BountyHunter HackTheBox Writeup

Scanning

We run nmap on all ports with scripts and software versions.

Enumeration

We access the web resource and review the source code.

Commented code

We launch dirsearch, list some interesting files and directories.

Files by extension

Directory listing

We review the “README.txt” file and find a list of unfinished tasks.

We read the file “bountylog.js”, we find the url of the application tracker. Seen these files, it seems that the way is to exploit the application.

File result

Exploitation

From the website, we find the “portal” section that will take us to this “Beta” form that we will have to exploit.

Since the application loads “xml” tags, it is very likely that we will have to exploit some XXE style vulnerability.

Let’s get to it! We capture a request from the form, we see a string in urlencode + base64.

We modify the values, insert a variable called “poc” with the value “1”, insert in the field “title”.

We encode again in reverse and see that it works.

File read ()

*note: Remember to encode!

If we remember the dirsearch log, we find a file called “db.php”, these files usually have the flat credentials of the database connection. It is also possible that passwords are being reused. (in addition, we also have the users thanks to the reading of /etc/passwd).

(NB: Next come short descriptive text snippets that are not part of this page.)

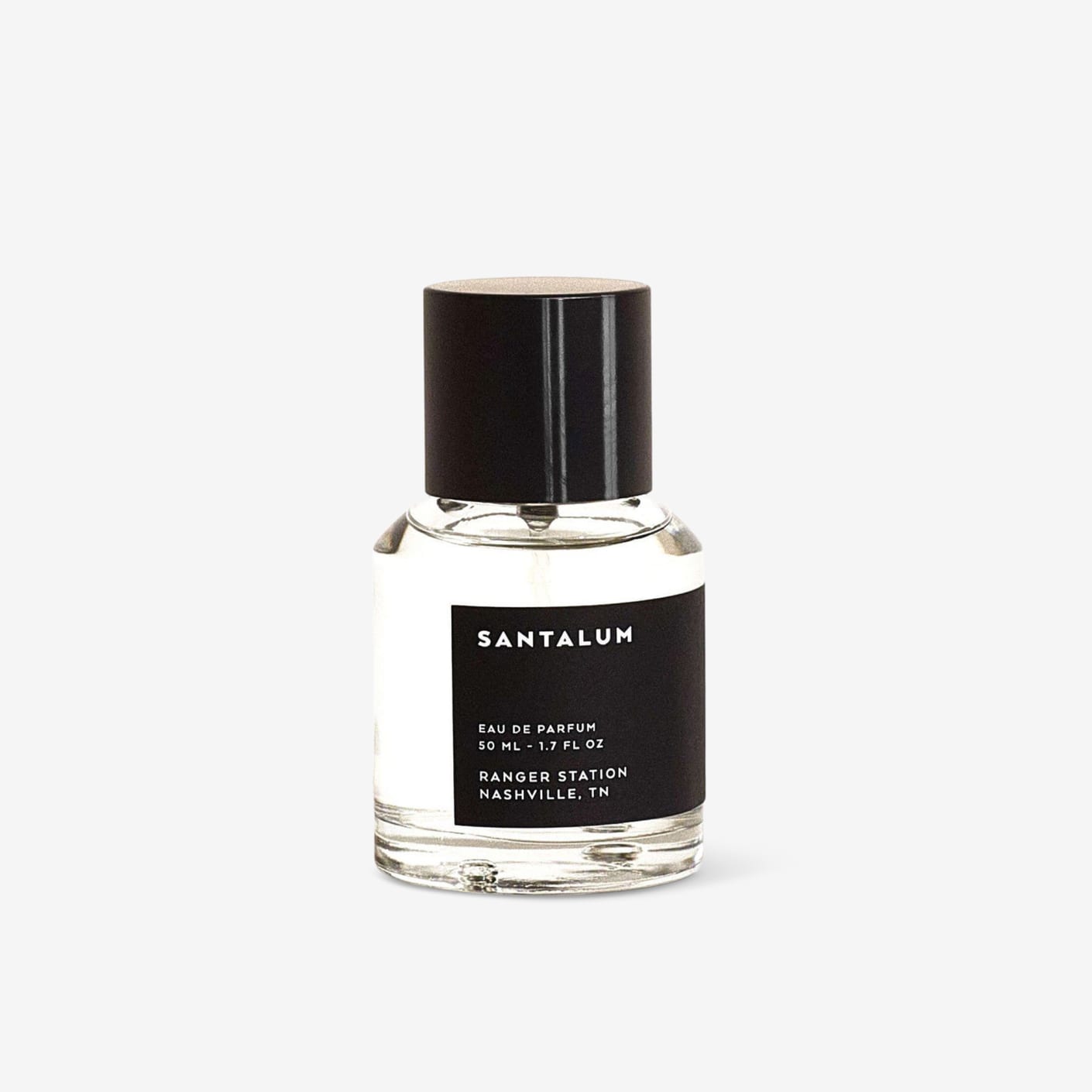 Ranger Station- Santalum Quckdraw Perfume main image 0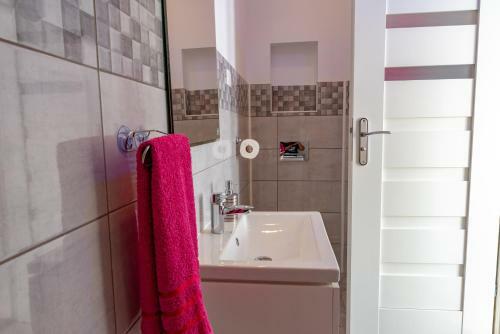 Apartmani Dalmacjia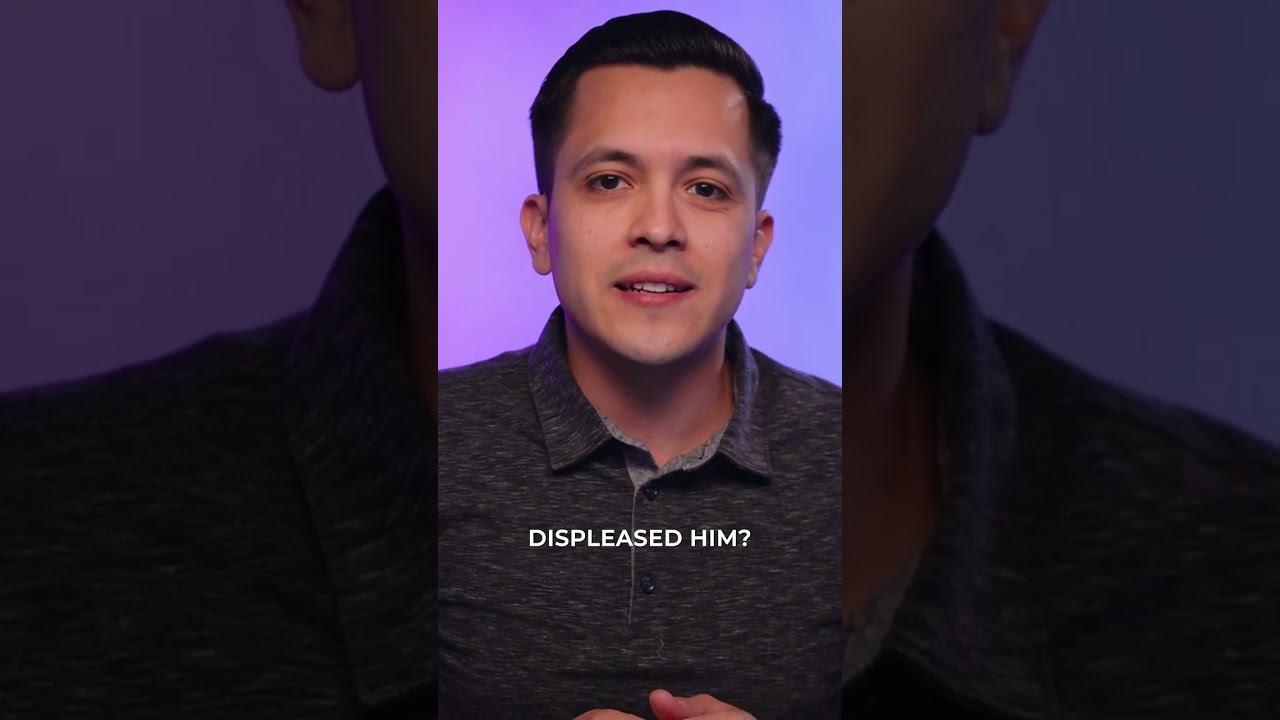 ПОМОГИТЕ! Я НЕ ЧУВСТВУЮ Божьего присутствия! #Шорты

We connect through the SSH service, read the user flag and see that we can execute a script as root.

Privilege Escalation

We read the file “ticketValidator.py”, we do not have permissions to modify it. Inside, we find a conditional that is executed when the variable “validationNumber” is greater than 100, so it returns a “True”.

We see an example of failed tickets, this will help us with the structuring.

We create in a folder where we have read our malicious file “m3.md”.

Now we will call the script as sudo and load our files, we become root and we can read the flag.